Associate Professor Sangita Pradhan, the head of the Central Department of Fine Arts at the university, says she is very happy that the mobile library has reached TU. “When I came to know about the project, I insisted to the team that it has to be kept at the TU, given its large number of students and a separate department as well as all possible future artists to benefit from the rich resources.”
She adds, “We do not have enough books for our students. If we have to buy the books we have to get them from India, while our budget does not support the purchase of the books that we want in our library. But, the Mobile Library Nepal has researched and collected so many resourceful books that will no doubt support the academic growth of our students.”
Pradhan, also a singer, expresses she has more plans to promote Nepali art, and especially music, as it has long been sidelined. “Seeing the research and collection, I have requested the AAA team to help us in collecting more books on Nepali music genre too. And, I am hopeful about that too.”

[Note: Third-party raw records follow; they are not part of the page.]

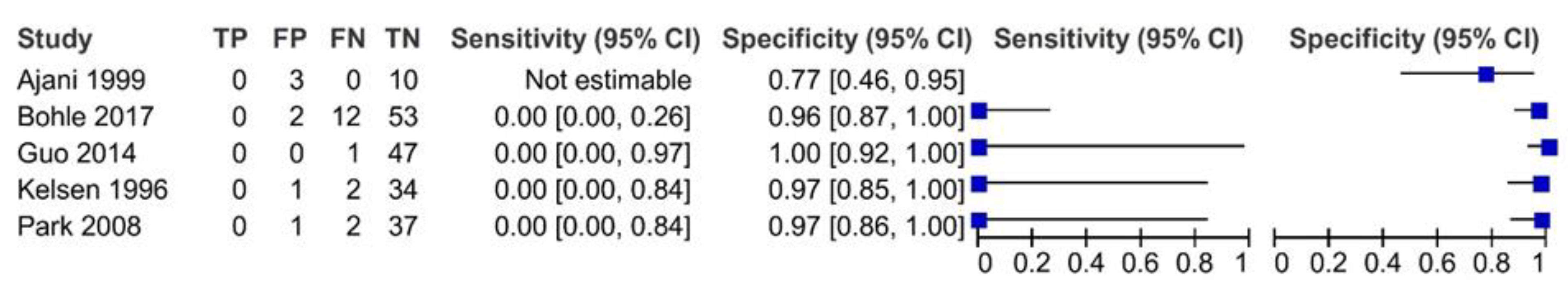 Diagnostics 12 00100 g003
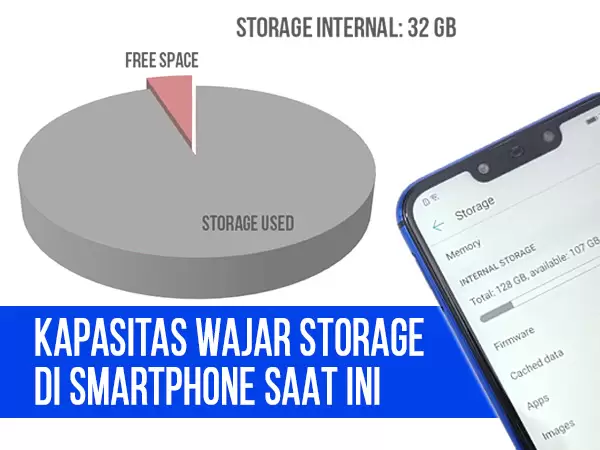 Feat Image Storage Smartphone 2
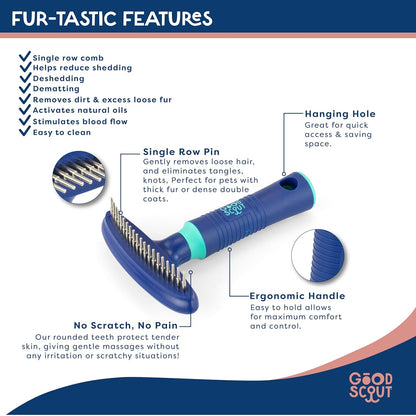 Good Scout 2-Piece Deshedding Tool Set with Self-Cleaning Slicker Brush & Dual-Head for Dogs & Cats, Gentle, Safe & Effective Grooming Tool for Short or Long Haired Animals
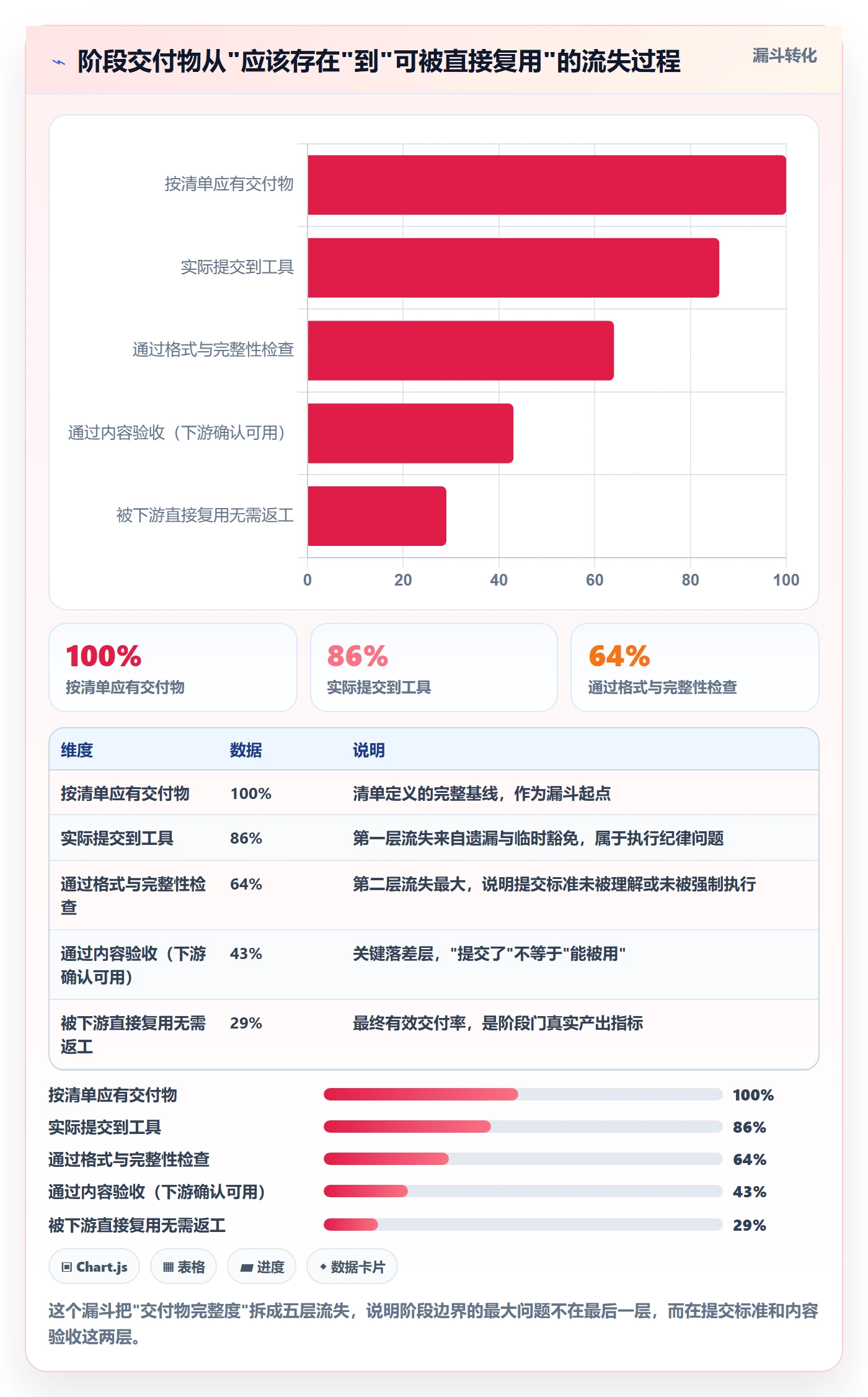 阶段划分最佳实践:项目负责人项目阶段协同管理,常见问题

After the handover, Pradhan will be ensuring the safekeeping of the books. She also welcomes students from outside the TU too to come and explore for their own academic growth. “Anyone can drop by and get the reference for their growth, academically or skill-wise.”
Chung says the overseas team together with the Nepal team will continue to expand the library so that they can help students of all disciplines here. “Like in Sri Lanka, we hope the project thrives here too. The key is to have a custodian who takes charge and continues the project themes, like an ongoing mission.”